Algeria holds legislative polls on Thursday that will test both the regime’s response to the Arab Spring and the Islamists’ ability to emulate the electoral gains of their counterparts in the region.
Social discontent and deadly riots had begun to rattle Algeria a year ago when revolutions were sweeping the region, but President Abdelaziz Bouteflika responded with a sprinkling of political reforms and pay rises.
The May 10 polls will see 44 parties — 21 of them newly created — scrap for seats in an enlarged parliament of 462 MPs, in what Bouteflika has hailed as “the dawn of a new era”.
The former single party, Bouteflika’s National Liberation Front (FLN), has been steadily losing ground since pluralism was introduced in 1989 and while it could yet win the most votes, it is expected to seek alliances to govern.

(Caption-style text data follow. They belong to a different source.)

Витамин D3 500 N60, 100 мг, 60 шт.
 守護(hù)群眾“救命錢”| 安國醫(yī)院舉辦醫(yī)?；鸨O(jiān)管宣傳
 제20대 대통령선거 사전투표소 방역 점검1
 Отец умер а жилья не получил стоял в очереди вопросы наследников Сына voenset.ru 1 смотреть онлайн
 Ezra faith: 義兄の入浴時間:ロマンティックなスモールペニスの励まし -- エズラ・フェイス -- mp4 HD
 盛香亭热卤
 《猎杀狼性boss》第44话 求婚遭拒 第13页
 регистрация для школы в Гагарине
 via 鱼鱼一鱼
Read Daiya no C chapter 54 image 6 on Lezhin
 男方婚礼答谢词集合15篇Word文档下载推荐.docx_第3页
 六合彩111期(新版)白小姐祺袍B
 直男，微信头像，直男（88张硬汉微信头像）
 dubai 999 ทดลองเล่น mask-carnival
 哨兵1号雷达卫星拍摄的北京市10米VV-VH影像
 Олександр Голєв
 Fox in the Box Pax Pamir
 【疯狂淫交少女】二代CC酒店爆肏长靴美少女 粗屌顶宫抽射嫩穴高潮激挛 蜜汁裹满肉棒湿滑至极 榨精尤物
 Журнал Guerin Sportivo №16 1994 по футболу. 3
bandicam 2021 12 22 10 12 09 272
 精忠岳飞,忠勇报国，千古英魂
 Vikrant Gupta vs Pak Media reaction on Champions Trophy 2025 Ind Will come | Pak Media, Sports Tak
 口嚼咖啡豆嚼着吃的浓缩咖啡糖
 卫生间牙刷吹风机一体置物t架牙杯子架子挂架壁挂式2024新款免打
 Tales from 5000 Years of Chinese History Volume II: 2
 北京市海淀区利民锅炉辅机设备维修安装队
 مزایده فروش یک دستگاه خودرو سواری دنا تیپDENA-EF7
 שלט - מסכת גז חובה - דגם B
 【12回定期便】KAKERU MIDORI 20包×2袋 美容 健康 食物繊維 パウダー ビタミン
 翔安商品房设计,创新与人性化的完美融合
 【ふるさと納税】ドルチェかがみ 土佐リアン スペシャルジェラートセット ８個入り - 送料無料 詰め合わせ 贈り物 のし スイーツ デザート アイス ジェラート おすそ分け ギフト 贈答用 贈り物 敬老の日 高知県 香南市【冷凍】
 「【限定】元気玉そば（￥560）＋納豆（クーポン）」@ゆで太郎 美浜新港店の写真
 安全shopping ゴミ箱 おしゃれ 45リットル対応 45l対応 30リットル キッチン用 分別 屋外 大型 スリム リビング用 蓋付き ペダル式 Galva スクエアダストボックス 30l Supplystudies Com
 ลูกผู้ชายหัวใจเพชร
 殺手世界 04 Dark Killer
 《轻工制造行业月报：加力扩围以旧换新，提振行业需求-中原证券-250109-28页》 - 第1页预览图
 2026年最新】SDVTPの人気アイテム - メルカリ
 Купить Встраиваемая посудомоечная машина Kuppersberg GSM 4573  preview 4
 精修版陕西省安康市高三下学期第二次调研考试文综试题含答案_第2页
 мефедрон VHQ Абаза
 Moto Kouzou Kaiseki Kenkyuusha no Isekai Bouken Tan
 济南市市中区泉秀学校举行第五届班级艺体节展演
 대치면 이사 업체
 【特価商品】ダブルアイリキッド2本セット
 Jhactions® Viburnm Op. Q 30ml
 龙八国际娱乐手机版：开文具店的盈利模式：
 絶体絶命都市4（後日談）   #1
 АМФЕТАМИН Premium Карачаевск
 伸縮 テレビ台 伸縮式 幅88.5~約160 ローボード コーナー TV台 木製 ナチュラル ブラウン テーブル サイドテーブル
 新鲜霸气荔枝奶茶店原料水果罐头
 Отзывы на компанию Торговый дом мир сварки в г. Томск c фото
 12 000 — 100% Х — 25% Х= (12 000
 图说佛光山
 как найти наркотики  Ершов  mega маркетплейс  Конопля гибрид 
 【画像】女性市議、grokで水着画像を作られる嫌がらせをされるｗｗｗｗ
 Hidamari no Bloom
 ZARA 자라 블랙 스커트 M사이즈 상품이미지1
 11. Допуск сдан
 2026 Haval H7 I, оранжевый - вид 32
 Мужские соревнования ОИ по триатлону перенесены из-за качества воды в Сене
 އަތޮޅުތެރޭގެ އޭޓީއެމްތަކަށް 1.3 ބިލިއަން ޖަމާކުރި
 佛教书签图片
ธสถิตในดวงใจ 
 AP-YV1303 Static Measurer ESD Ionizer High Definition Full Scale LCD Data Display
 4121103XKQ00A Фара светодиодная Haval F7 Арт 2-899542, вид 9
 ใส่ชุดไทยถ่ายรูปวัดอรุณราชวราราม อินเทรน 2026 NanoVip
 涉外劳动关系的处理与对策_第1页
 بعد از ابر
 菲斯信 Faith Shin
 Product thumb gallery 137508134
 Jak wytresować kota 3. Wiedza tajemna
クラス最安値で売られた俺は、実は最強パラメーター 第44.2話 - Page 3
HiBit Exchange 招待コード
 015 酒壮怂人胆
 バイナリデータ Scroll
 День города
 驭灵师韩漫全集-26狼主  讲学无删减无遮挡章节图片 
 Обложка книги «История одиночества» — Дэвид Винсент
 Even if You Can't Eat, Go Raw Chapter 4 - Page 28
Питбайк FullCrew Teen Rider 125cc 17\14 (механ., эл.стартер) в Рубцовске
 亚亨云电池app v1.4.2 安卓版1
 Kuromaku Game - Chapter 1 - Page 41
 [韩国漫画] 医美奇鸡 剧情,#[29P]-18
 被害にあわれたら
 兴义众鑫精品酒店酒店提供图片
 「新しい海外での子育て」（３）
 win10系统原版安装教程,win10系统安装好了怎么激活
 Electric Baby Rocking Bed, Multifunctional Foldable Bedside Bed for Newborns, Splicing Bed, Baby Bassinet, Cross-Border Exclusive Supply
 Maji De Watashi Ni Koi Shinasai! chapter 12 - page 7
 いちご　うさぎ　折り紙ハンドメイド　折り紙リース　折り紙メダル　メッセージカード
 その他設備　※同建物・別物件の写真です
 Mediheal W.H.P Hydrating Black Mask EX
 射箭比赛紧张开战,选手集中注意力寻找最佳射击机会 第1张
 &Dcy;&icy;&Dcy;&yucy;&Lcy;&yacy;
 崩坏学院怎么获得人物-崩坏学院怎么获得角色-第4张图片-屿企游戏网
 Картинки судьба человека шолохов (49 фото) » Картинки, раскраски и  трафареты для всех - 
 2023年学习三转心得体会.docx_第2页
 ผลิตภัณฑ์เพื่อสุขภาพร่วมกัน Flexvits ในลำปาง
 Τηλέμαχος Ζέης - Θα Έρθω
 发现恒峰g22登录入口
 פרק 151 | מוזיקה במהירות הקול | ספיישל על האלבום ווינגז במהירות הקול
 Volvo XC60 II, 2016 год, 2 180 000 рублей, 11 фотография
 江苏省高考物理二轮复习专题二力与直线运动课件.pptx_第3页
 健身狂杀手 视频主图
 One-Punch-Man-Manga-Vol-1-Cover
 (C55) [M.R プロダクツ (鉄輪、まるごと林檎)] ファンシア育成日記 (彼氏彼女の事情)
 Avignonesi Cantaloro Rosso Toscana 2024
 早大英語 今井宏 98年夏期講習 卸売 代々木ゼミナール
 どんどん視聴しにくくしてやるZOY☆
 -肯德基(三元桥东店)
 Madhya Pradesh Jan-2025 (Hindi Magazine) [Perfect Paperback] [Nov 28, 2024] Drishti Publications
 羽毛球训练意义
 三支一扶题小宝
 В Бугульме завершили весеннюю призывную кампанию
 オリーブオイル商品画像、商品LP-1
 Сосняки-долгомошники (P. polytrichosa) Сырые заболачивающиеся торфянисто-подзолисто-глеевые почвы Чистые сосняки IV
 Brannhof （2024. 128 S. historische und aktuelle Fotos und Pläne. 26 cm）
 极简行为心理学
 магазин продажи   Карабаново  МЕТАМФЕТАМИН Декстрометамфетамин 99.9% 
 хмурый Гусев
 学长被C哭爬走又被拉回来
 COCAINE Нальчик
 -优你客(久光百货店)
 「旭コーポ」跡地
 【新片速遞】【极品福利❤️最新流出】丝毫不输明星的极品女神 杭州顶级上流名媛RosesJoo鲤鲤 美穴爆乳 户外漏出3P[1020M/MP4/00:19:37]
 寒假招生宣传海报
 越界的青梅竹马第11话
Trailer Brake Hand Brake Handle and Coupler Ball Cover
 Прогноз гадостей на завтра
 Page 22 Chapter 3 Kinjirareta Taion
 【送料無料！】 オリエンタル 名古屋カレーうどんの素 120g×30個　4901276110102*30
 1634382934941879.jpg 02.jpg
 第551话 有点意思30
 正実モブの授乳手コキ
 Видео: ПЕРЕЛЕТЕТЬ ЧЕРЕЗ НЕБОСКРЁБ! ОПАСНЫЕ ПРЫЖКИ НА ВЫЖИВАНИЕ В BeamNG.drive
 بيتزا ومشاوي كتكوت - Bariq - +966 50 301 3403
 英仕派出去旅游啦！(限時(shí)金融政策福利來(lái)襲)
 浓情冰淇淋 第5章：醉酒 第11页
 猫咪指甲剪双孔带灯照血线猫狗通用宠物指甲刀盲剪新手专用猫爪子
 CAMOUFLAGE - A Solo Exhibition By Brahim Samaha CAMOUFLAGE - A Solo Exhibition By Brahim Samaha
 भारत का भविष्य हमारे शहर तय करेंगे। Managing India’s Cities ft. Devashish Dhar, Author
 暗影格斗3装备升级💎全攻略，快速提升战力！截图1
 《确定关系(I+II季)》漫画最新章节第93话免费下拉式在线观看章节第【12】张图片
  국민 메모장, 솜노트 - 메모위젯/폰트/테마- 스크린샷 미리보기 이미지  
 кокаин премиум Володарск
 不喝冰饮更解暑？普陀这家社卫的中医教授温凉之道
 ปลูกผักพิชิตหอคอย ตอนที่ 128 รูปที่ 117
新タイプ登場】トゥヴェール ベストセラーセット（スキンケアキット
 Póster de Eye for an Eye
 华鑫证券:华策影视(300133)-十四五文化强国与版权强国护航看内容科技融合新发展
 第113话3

“I don’t think any party can approach a majority alone …. The seats will be scattered between the parties,” Interior Minister Daho Ould Kablia said last month.
The FLN, which has 136 seats in the outgoing assembly, currently sits in a coalition with the National Rally for Democracy of Prime Minister Ahmed Ouyahia and the Movement of Society for Peace, the country’s main legal Islamist party.
The MSP hopes it can cash in on the so-called “Green wave” that swept Islamists to the helm in Tunisia, Morocco and Egypt in the wake of the Arab Spring revolts.
“Our alliance will be the top political force in the next national popular assembly,” said Kamel Mida, a spokesman for Green Algeria, which includes the MSP and two of six other Islamist parties contesting the vote.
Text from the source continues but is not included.